### Exercise materials
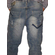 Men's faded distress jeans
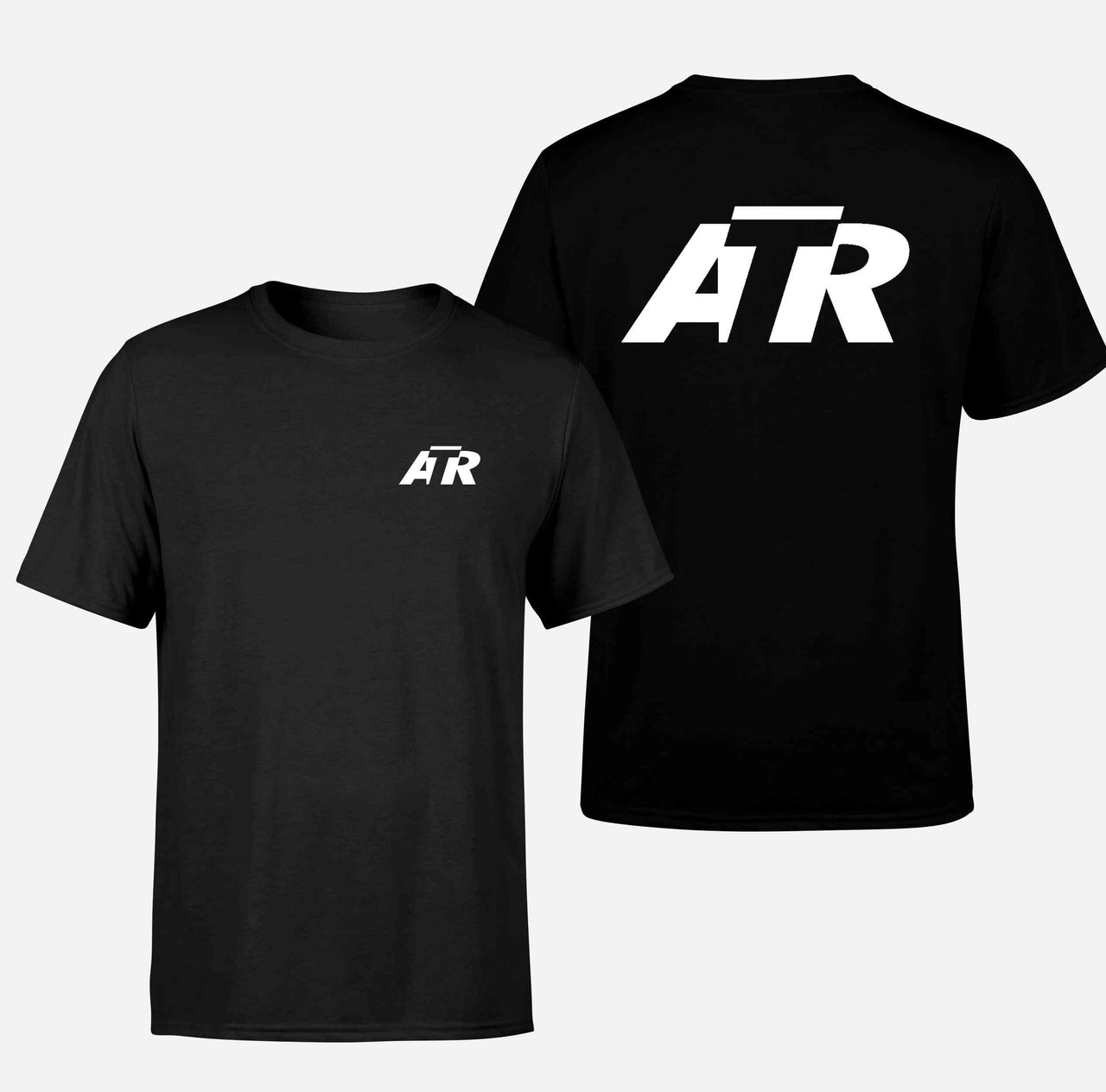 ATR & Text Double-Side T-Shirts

--

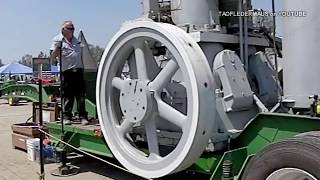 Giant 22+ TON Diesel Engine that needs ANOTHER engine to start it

### Work order
Copy word for word only the lines above from the one with "Men's faded distress jeans" through the one with "ATR & Text Double-Side T-Shirts". Leave pictures out.

### Solution to the problem
 Men's faded distress jeans
 ATR & Text Double-Side T-Shirts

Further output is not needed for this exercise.